William Quinby

Bill Quinby

William Quinby

Vice Chairman and Co-Regional Manager at Savills

William Quinby
By June 14, 2022 7:00 AM

William Quinby has seen plenty of commercial real estate trends come and go in his more than three decades at Savills. Even in the face of inflation, a potential recession and an ongoing global pandemic, Quinby, who mostly represents government, nonprofit and university institutions, said his business has stayed much the same. “The governments that I’ve worked with have had the responsibility as a government to stay in business and the philosophy that their employees should be in the office — and, consequently, they made it safe for them to do so,” Quinby said. “They have not embraced this full hybrid work but have just carefully looked at an appropriate hybrid model, and that has not led to a reduction in footprint.”

Quinby, who completed 1.3 million square feet in leases across 17 transactions in 2021, has represented Amtrak, George Mason University, the District of Columbia and the Metropolitan Washington Airport Authority. He was reluctant to discuss his clients, though he did not expect their space needs — particularly those on the government side — to change should a recession hit. Universities, on the other hand, may be more inclined to shrink or repurpose existing space rather than sign new leases, he added.

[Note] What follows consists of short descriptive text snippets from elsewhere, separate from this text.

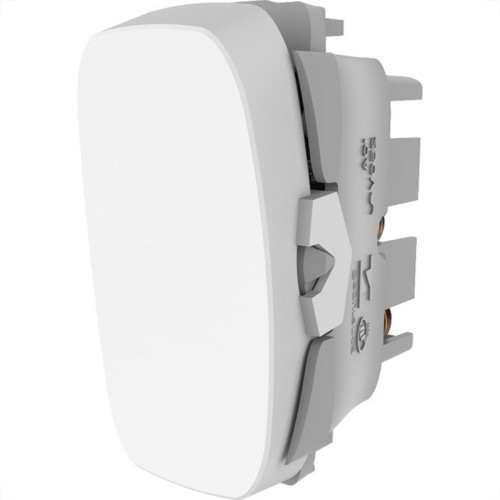 Modulo Alumbra Gracia 1 Paralelo Branco 85309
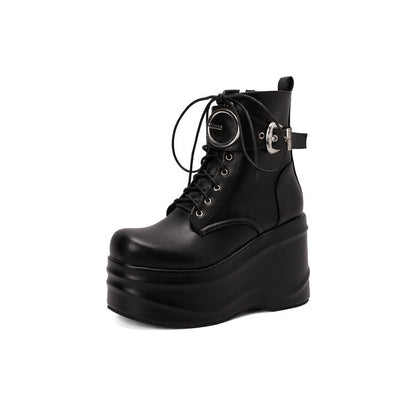 Elegante Orthopädische Stiefel für jeden Schritt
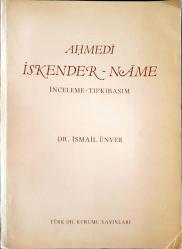 İskender-name (İnceleme - Tıpkıbasım)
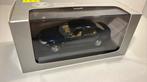 Saab 95 bleu minichamps 1.43, Hobby en Vrije tijd, Modelauto's | 1:43, Auto, Ophalen of Verzenden, MiniChamps, A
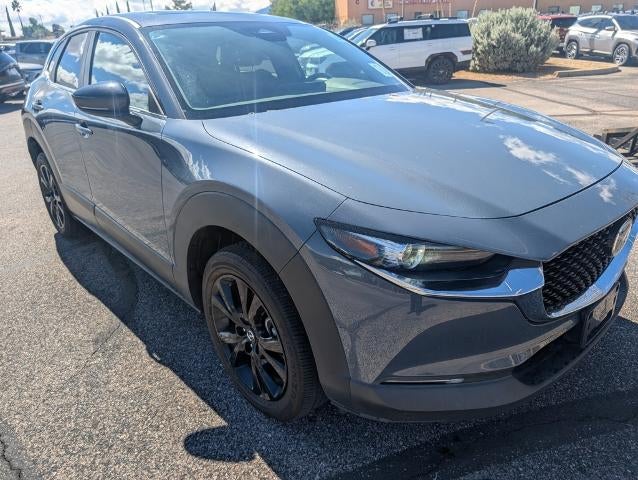 2024 Mazda Mazda CX-30 2.5 S Carbon Edition AWD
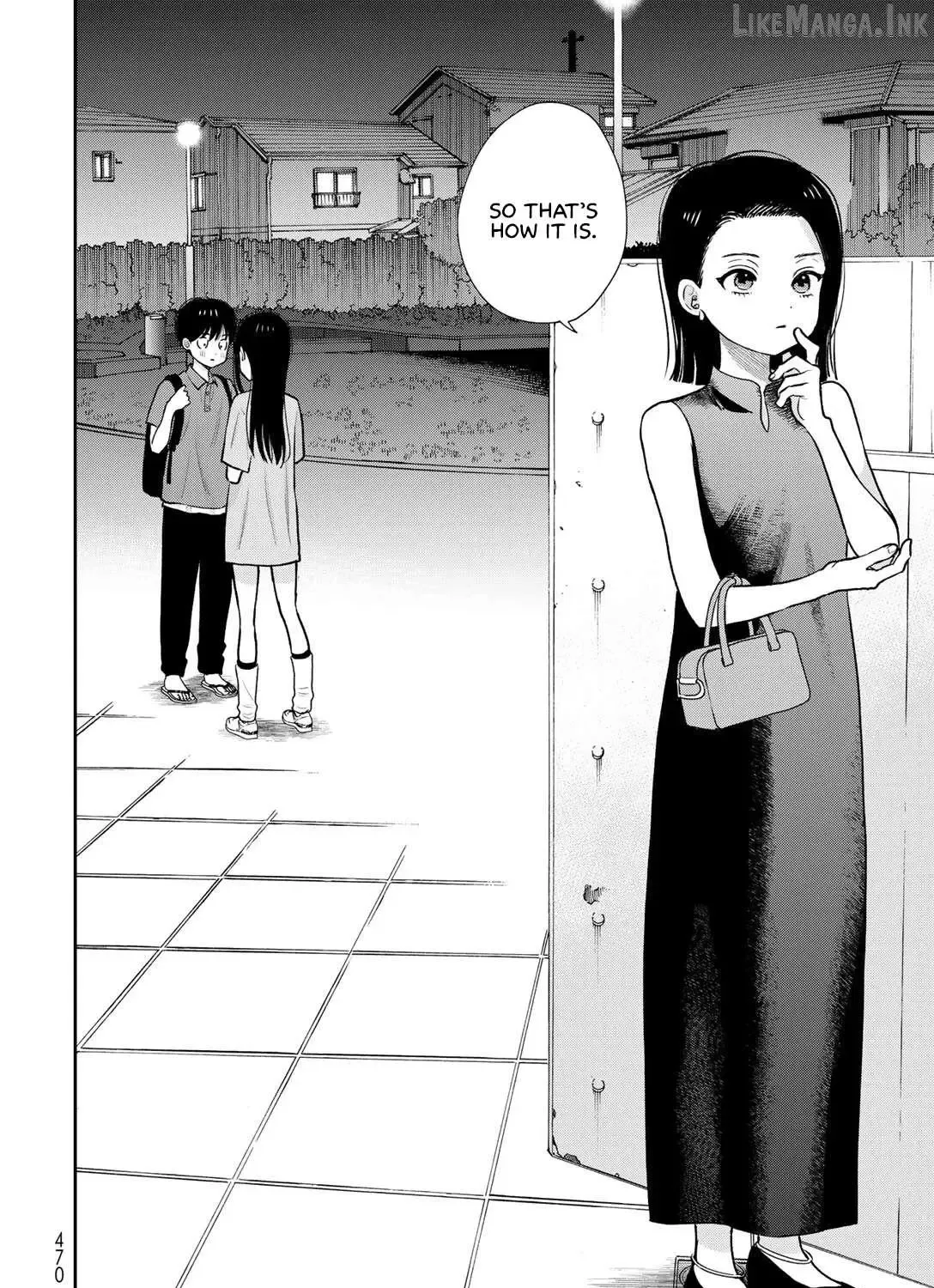 Only I Know - Chapter 19 - Page 87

Quinby often represents tenants looking for new buildings, which are more difficult to find in Washington, D.C., he said. For his clients, often the location of a space is the first decision, and next comes the new development needed to meet a tenant’s specific space requirements.

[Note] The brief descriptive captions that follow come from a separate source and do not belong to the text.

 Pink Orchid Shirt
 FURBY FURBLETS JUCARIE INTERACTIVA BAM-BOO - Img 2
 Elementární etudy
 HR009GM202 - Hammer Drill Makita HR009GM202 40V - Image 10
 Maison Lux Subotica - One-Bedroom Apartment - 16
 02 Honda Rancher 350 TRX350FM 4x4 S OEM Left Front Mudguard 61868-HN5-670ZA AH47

Those deals, which involve the pre-leasing of a property that hasn’t been built yet, have been more complicated due to supply chain issues and staffing shortages that limit construction work. The No. 1 resource Quinby has tried to get for his clients, though, is time.

“We’re trying to start as early as we can on every project so that we have more schedule flexibility because, if we don’t, we’re going to shop less and be forced to buy what’s on the shelf right now,” Quinby said. “If it looks like we’re forced to make a decision, the market will take advantage of us.”